■ **TASK DESCRIPTION**:
Output exactly, and only, the stretch of lines beginning at the line with "PRODÁM VW PASSAT" and ending at the last line of the listing below. Drop the pictures.

■ **DATASET EXCERPT**:
*** Block opens ***
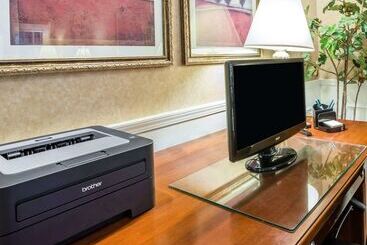 فندق Quality Inn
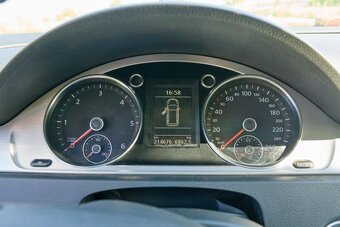 PRODÁM VW PASSAT Variant Highline 2,0 TDI - SUPER STAV - 17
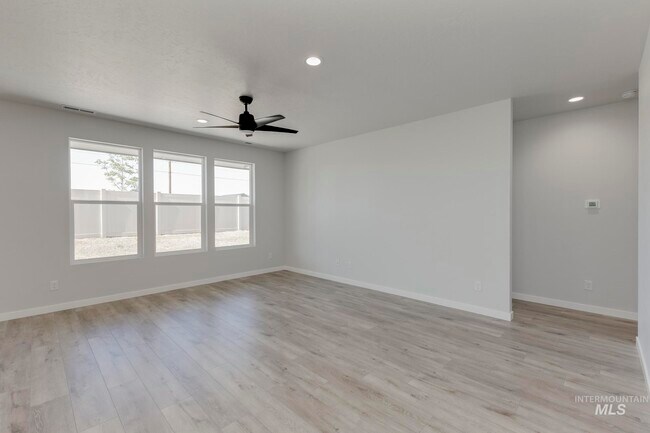 1725 Webb Brook St, Middleton, ID 83644 - photo 4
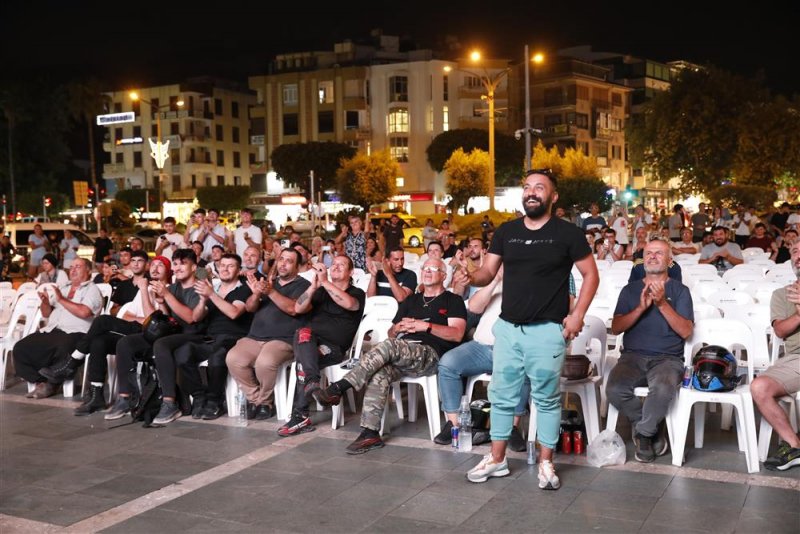 Alanya'da dev ekranda yarış heyecanı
*** Block closes ***
■ **RESPONSE BELOW**:
 PRODÁM VW PASSAT Variant Highline 2,0 TDI - SUPER STAV - 17
 1725 Webb Brook St, Middleton, ID 83644 - photo 4
 Alanya'da dev ekranda yarış heyecanı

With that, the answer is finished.